Попав в баню, каждая семья старалась омсвободится от грази хотя бы с помощью горячей воды и веников, из крапивы
(хотя ее чаще использовали в еду), из дуба, сосны, можжевельника - то что позадиристей. Мы, дети, и любили баню и боялись,
так как приходили домой исхлестанные, с волдырями на спине и с красными рожами(по другому и не сказать).
Баня была одна, небольшая, и все дни распределены по какому-то принципу, а потому надо было попасть именно в
свой день. Бывало, что в тот день отсутствовала горячая вода. Мылись холодной.
В 1944г в бане мылись вместе мужчины и женщины. Никто никого не стеснялся. Женщины были худы, с обвисшими
грудями, а мужчины в основном калеки. Женщины наливали им воду в шайке и по просьбе натирали спины, а возле
шкафчиков помогали одется.
Спустя несколько лет после войны, когда отменили карточки, появилось мыло(в основном хозяйственное), женщины и
мужчины вспоминали совместную баню и говорили: "Вот бы сейчас вместе помыться, а Дуся бы мне спинку потерла,
ну и я бы кое что потер..."
Еще песня
Как на кладбище Митрофаньевском
Отец дочку зарезал свою.
Только граждане, не мешайте мне,
Я сейчас эту песню спою.
Отец дочь любил после матери
Но недолго продолжилось так
Он нашел себе жену новую
Надя, Надя, вот новая мать.
Но чужая мать ненавидела
Семилетнюю дочку сперва
И ничем ее не обидела
Только мужу задачу дала
Ты убей ее иль в приют отдай
Только делай ты все поскорей
А не сделаешь, я уйду от тебя
И одна буду жить веселей.
Детдом
Несмотря на все трудности, государство проявляло большую заботу о детях. Моей матери было предложено на
время отдать детей в детский дом. Отдали меня.
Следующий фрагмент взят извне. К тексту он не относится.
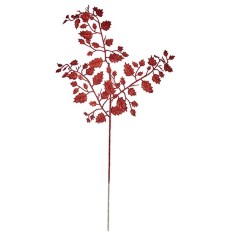 Ramo Porporina Rosso Metallo Plastica 41 x 75 x 2,5 cm (12 Unità)    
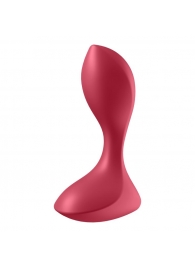 Красный вибромассажёр простаты Satisfyer Backdoor Lover - 14 см. - Satisfyer - в Рыбинске купить с доставкой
С сыном Борей она не хотела разлучаться. Борю она очень любила и подружкам часто говорила:" За сына душу отдам,
а Галина недо..."
Детский дом находился в Волховском районе. Могу ошибиться, но, кажется это была станция Лунгачи. В
послевоенных детдомах почти ничего не было. Кукол мы шили сами, мальчики тоже что-то мастерили. Но что очень
запомнилось - это дух доброты необыкновенной, ласка, душевная теплота. Мы жили в доме недалеко от станции.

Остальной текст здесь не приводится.